Il 15 novembre alla Stazione Leopolda di Firenze, l’Associazione Italiana Sommelier presenta la Guida Vitae 2026.
La manifestazione “Vitae in deguSTAZIONE”, offrirà al pubblico l’opportunità di degustare 400 vini selezionati da AIS tra le etichette che hanno ottenuto un punteggio minimo di almeno 90 punti nella nuova edizione della guida. Un grande banco d’assaggio permetterà agli appassionati di confrontarsi direttamente con produttori e sommelier, esplorando le eccellenze del panorama enologico italiano.
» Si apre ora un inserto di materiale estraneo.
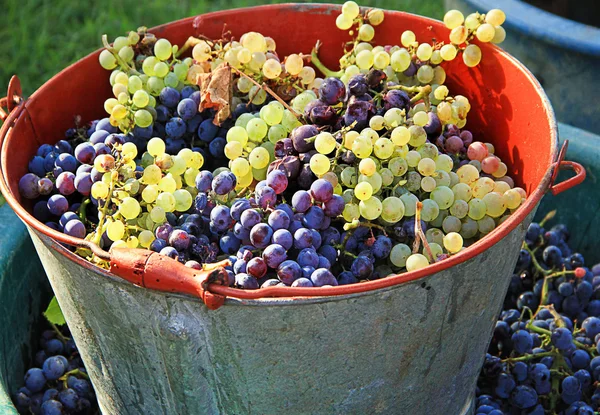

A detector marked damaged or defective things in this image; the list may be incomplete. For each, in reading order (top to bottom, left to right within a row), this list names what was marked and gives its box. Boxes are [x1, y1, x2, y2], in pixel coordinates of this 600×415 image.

rusty metal handle [548, 140, 584, 197]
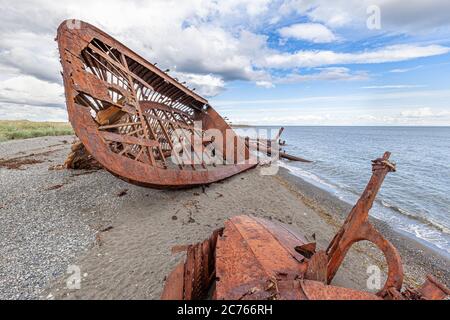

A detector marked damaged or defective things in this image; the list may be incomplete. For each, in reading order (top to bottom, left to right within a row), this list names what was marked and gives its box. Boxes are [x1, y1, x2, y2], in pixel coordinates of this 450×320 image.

corroded metal hull [55, 20, 256, 189]
corroded metal hull [162, 152, 450, 300]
Quattro percorsi per raccontare l’Italia del vino
La selezione, che non intende proporre una classifica ma un percorso esperienziale, sarà organizzata in quattro aree tematiche da 100 etichette ciascuna.
I “100 Grandi Vini” rappresentano le bottiglie simbolo, le etichette “iconiche” dell’enologia italiana, riconosciute per il loro posizionamento e valore assoluto.
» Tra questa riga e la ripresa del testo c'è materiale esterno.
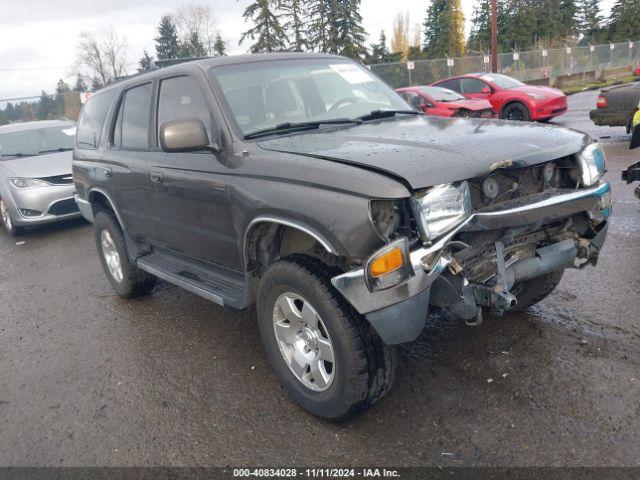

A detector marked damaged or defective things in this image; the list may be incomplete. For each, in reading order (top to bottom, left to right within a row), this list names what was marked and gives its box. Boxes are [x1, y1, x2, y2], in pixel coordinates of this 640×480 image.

I “100 Migliori Vini di Territorio” che celebrano l’espressione più autentica del terroir e del vitigno.
I “100 Vini Innovativi/Rivelazione” premiano il coraggio di chi sperimenta, valorizzando territori emergenti e nuove interpretazioni.
Infine, i “100 Vini Valore/Prezzo” propongono un equilibrio virtuoso tra qualità e accessibilità, sottolineando la sostenibilità anche economica del vino.
La sfida per il titolo di Miglior Sommelier d’Italia – Premio Trentodoc
Andrà in scena anche la finale del concorso “Miglior Sommelier d’Italia – Premio Trentodoc”, una delle competizioni più prestigiose del settore. I finalisti si sfideranno in prove di degustazione, comunicazione e servizio, mettendo in evidenza la professionalità e la preparazione che caratterizzano la scuola AIS.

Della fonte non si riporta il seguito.